Reflection token/handle Resolution API’s
– Reflection has exposed runtime identity abstractions and new API’s that interact with these abstractions specifically for compiler writers and those that want more control over Reflection. We’ve exposed managed constructs for metadata tokens and runtime handles. Exposing metadata tokens gives a compiler writer unique metadata level identity, allowing them to do things like build real symbol table abstractions. Runtime handles give languages unique runtime level identity (among other things), perfect for late binding scenarios commonly found in dynamic languages
Lightweight Code Generation
– New support for runtime method level code generation. These LCG methods are first class citizens of the runtime and for construction of these methods we utilize the familiar Reflection.Emit MethodBuilder API’s. LCG methods are also GC reclaimable. This allows a language author to cheaply create functions that get used and then thrown away. In V1.x, the closest thing we had was Method Rental which came with the overhead of metadata declaration. You can find some examples on Jole’s blog.
– Generics increase the richness of runtime type information that is attached to objects: you can query an object to detect if it is a List<string> or List<Button>. Some dynamic languages will ignore this information, but some may wish to use it in order to do different things when a method is invoked on different kinds of objects. Generics also mean that dynamic languages will occasionally have to specify some extra information or insert some extra “impedance matching” conversions to ensure objects get the right runtime type information attached.
But the cool thing about generics is they will help other languages use code written in dynamic languages. This is really important, and may take a while to appreciate, since people who advocate using dynamic languages aren’t really used to people wanting to call into their code. But in the long run I expect lots of great components to be written in IronPython and other languages, and once that happens it’s interesting to think how the C# and VB programmers are going to use those components.

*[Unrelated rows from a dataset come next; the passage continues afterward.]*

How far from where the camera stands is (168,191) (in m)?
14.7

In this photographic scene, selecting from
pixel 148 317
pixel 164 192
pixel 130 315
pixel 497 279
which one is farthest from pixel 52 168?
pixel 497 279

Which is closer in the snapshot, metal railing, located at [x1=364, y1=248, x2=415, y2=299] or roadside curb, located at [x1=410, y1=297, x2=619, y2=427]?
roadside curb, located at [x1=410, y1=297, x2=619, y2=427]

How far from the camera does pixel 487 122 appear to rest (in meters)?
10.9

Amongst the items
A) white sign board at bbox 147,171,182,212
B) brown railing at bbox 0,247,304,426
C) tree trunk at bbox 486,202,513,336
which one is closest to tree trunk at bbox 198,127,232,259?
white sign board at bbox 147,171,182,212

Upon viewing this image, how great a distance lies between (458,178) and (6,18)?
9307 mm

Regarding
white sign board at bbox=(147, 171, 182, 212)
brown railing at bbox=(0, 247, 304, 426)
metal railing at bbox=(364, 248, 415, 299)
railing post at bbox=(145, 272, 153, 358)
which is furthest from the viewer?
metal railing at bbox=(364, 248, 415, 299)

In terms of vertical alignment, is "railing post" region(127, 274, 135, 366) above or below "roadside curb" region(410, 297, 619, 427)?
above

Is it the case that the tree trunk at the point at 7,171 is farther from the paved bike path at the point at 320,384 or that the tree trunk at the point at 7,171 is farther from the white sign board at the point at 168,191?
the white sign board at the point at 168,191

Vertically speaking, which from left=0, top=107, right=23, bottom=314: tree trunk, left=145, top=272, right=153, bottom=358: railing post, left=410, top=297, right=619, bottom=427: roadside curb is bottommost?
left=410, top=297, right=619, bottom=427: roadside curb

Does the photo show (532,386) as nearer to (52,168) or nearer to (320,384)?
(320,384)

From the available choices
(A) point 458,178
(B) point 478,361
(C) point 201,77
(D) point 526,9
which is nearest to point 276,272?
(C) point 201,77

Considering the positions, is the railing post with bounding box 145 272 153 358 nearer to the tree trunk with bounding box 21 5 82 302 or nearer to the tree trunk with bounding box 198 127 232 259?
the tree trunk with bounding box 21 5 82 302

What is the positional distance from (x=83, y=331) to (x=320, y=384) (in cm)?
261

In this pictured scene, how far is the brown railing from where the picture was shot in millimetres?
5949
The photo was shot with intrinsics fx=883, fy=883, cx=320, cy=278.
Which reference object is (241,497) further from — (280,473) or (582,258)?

For example, let’s consider a hypothetical dynamic language PyLisp, and say the C# programmer comes across a really cool module written in this language. Let’s assume PyLisp represents all values using a runtime type “DynamicObj”. What will a C# programmer do to convert a List<string> to a “DynamicObj”? How about a List<int>? Of course, he or she will write a generic function
DynamicObj ConvertToPyLisp<T>(List<T> myData)
Highly efficient versions of this function may be possible according to what “T” is, and the implementation of .NET generics will generate especially efficient versions of functions when instantiated at value types. Most importantly they let you efficiently detect what “T” is at runtime, and this increases your range of options for writing this kind of “static-to-dynamic transformation” code.

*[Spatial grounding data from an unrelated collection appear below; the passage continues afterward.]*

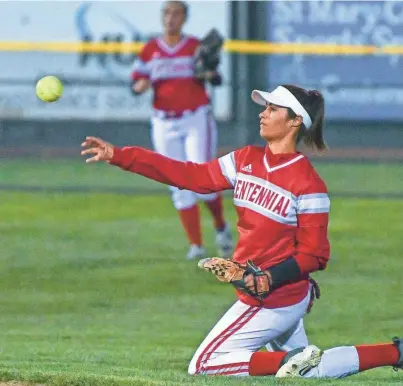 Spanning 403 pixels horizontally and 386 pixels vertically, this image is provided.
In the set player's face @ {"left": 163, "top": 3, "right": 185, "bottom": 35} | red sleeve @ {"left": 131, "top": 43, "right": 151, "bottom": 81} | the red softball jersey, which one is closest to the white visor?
the red softball jersey

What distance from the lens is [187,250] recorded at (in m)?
11.7

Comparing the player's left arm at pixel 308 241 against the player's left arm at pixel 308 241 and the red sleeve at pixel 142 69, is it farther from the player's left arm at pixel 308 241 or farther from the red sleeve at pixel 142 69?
the red sleeve at pixel 142 69

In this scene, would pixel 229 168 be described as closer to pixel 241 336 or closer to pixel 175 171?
pixel 175 171

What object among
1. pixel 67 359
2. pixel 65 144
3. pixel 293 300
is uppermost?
pixel 293 300

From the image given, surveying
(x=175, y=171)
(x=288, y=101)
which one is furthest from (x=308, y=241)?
(x=175, y=171)

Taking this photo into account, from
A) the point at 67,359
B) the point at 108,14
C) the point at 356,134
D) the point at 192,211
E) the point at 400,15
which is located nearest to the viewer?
the point at 67,359

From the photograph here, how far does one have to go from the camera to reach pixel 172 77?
1140 centimetres

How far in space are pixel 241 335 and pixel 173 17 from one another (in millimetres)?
5426

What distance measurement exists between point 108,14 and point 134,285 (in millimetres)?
10564

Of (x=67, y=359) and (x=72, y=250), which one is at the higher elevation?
(x=67, y=359)

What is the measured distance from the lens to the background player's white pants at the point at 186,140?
36.7 feet

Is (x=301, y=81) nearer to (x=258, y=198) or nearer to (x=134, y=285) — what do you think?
Answer: (x=134, y=285)

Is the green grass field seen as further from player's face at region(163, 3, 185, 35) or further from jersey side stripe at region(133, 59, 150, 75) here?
player's face at region(163, 3, 185, 35)

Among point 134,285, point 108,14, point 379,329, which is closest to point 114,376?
point 379,329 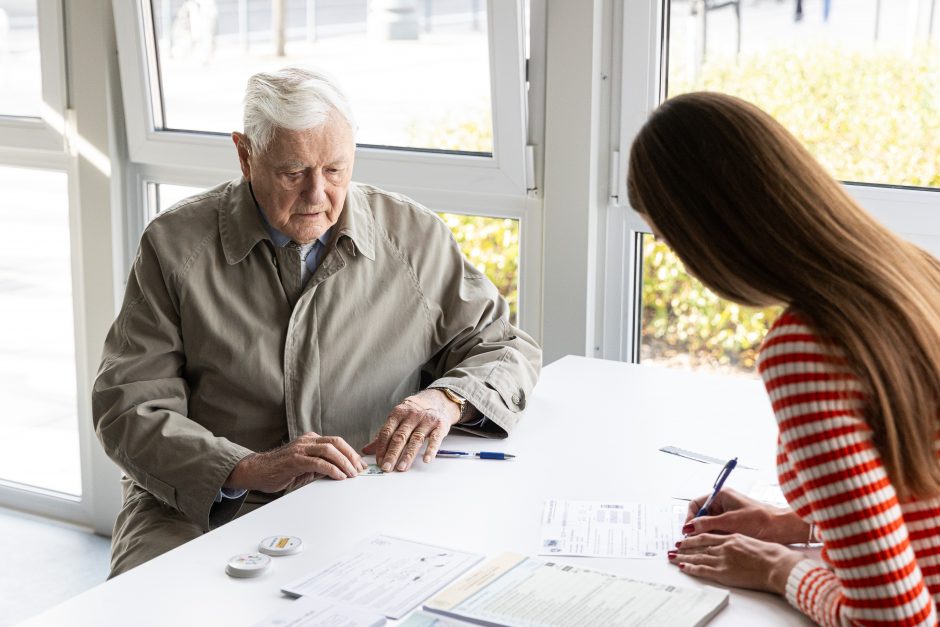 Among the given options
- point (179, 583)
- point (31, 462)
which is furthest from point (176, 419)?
point (31, 462)

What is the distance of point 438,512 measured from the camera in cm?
162

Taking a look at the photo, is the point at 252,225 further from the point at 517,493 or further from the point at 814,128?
the point at 814,128

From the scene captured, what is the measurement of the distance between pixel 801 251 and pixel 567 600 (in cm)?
51

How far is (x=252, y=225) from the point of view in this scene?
82.0 inches

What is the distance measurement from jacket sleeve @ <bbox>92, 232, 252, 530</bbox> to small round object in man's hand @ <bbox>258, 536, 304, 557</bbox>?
0.36 meters

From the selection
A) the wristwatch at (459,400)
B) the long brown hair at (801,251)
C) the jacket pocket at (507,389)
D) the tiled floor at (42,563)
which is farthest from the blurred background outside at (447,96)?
the long brown hair at (801,251)

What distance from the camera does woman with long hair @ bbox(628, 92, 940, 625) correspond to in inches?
44.8

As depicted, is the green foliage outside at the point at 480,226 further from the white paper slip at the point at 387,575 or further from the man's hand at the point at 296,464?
the white paper slip at the point at 387,575

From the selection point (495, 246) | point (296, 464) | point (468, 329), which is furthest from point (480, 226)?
point (296, 464)

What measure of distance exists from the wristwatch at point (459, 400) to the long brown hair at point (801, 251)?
2.59 feet

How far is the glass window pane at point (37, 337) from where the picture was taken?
3715 mm

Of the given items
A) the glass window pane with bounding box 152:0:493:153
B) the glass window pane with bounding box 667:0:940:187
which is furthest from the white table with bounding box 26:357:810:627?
the glass window pane with bounding box 152:0:493:153

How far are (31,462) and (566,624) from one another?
3.22m

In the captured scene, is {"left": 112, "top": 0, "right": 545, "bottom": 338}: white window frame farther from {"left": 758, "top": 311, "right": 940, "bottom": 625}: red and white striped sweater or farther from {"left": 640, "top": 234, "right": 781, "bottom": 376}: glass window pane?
{"left": 758, "top": 311, "right": 940, "bottom": 625}: red and white striped sweater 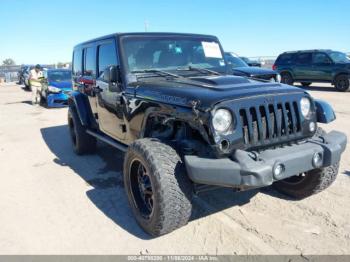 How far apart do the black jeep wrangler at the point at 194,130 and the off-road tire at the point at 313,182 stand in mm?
12

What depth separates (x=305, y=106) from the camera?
340cm

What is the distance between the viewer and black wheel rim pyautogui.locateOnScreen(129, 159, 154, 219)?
11.2 ft

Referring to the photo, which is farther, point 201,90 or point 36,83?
point 36,83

So, .NET generics will make it easier and more efficient for other .NET programmers to use functionality defined in dynamic languages. In the long run this can only be a win for the dynamic languages themselves.
In closing, thank you for reading this far <g>. I’m hoping you’ll play with IronPython and get some ideas on how you too can make your language work on the CLR. I’d love to see the new applications you can write using libraries like Avalon and Indigo. I’m looking forward to hearing your feedback to make the system better!